Task directions → Return the records from the first line through the line containing "This is Derek's", and leave out the pictures.

START Given entries

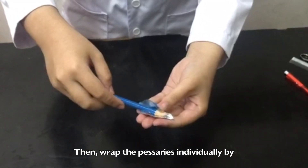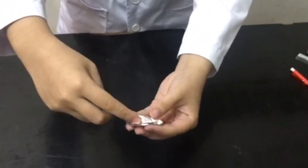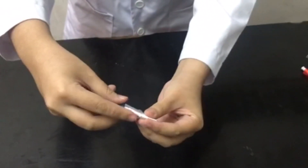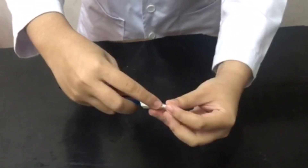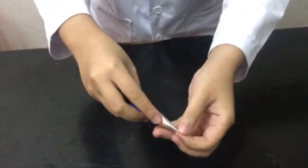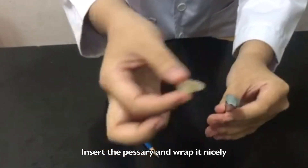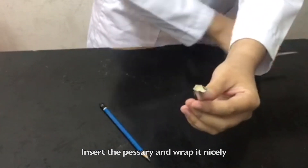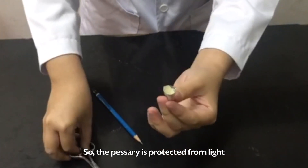Then, wrap the pessaries individually by using aluminium foil. Use a pencil to guide you to make the wrappings. Insert a pessary and wrap it nicely. We need to use aluminium foil so that the pessary is protected from light.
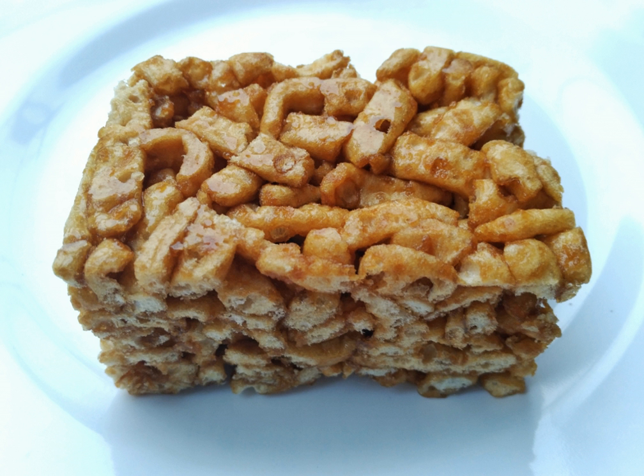Satchima, also called sakima or shakima, is a common Chinese pastry originated among Manchus in northeast China. Satchima has spread throughout all of China. Its decoration and flavor vary in different regional Chinese cuisine, but the appearance of all versions is essentially the same. It is made of fluffy strands of fried batter bound together with a stiff sugar syrup, showing similarity to American Rice Krispies treats.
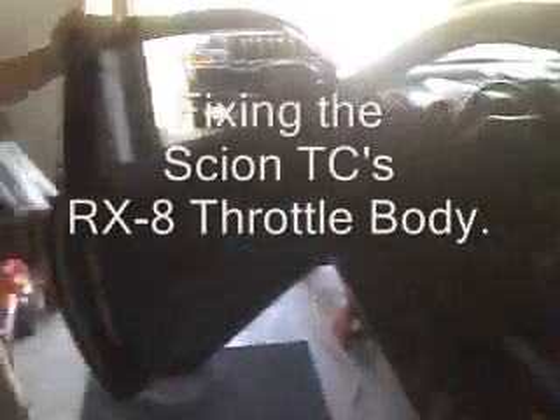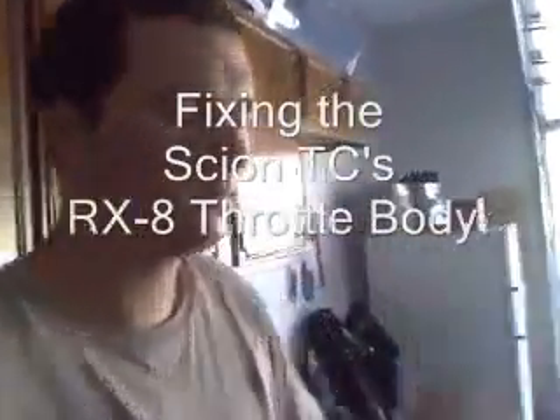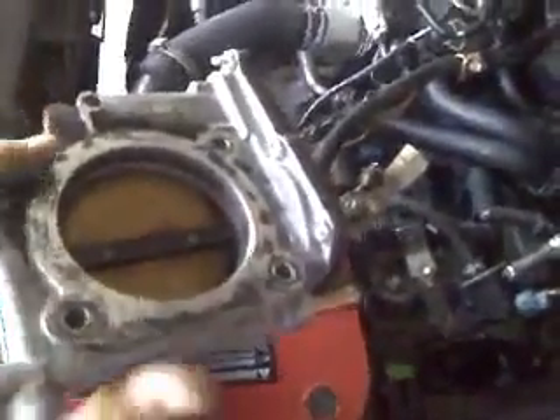This is Derek's Scion TC. We have a throttle issue with it. You can see we have this backing plate screwed on now instead of riveted on because we changed it. This is an RX-8 throttle body.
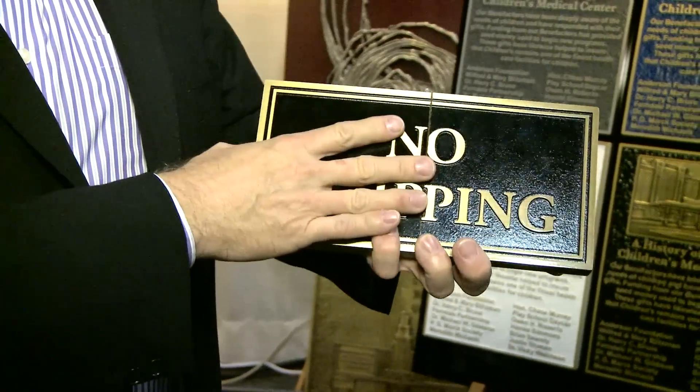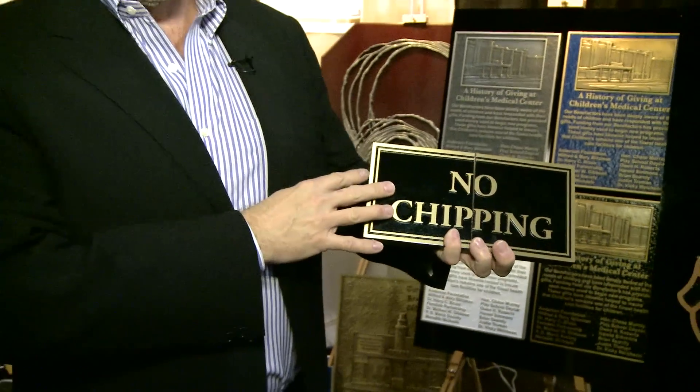Since weather is only affecting the metal, the sign will last virtually forever. Two other major benefits of our product are that they are 50 to 55% less weight than traditional cast products, which is going to save you money on shipping and make it much easier for you to mount for your customer.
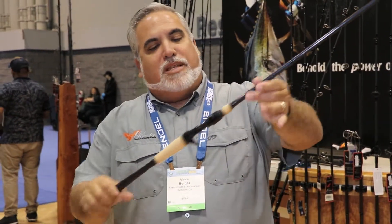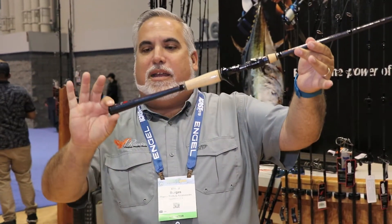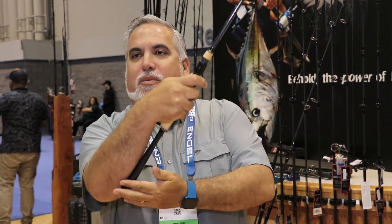M1 bass rod. With the M1, we put a tapered blank, which focuses the sensitivity toward the back of the blank — where you're holding the rod and where it's touching your forearm. It has SIC guides and the same lifetime warranty.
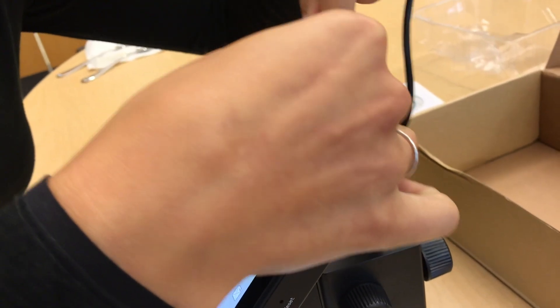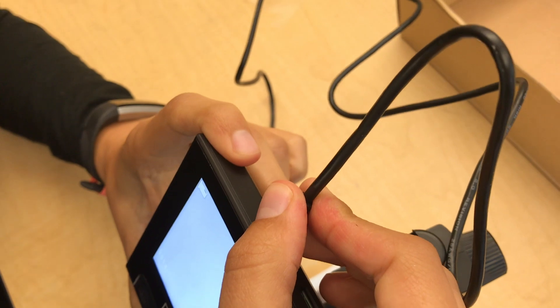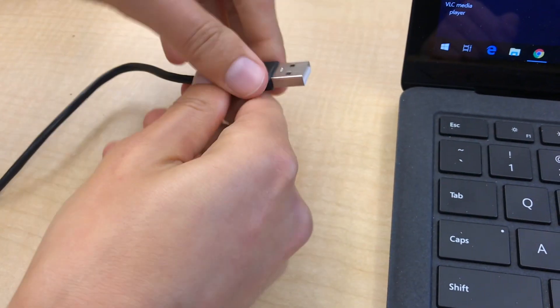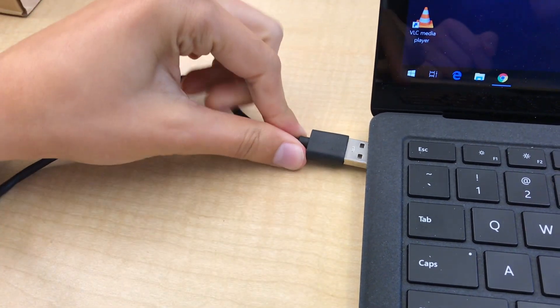If you want to take pictures or videos of what you observe under the microscope, plug the small end of the cable into the top of the microscope and the other end into the USB port of your computer. You can also record onto an SD card which inserts into the top of the microscope. Otherwise, you can skip this step and just use the microscope.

END Given entries

Answer to this problem →
Then, wrap the pessaries individually by using aluminium foil. Use a pencil to guide you to make the wrappings. Insert a pessary and wrap it nicely. We need to use aluminium foil so that the pessary is protected from light.
Satchima, also called sakima or shakima, is a common Chinese pastry originated among Manchus in northeast China. Satchima has spread throughout all of China. Its decoration and flavor vary in different regional Chinese cuisine, but the appearance of all versions is essentially the same. It is made of fluffy strands of fried batter bound together with a stiff sugar syrup, showing similarity to American Rice Krispies treats.
This is Derek's Scion TC. We have a throttle issue with it. You can see we have this backing plate screwed on now instead of riveted on because we changed it. This is an RX-8 throttle body.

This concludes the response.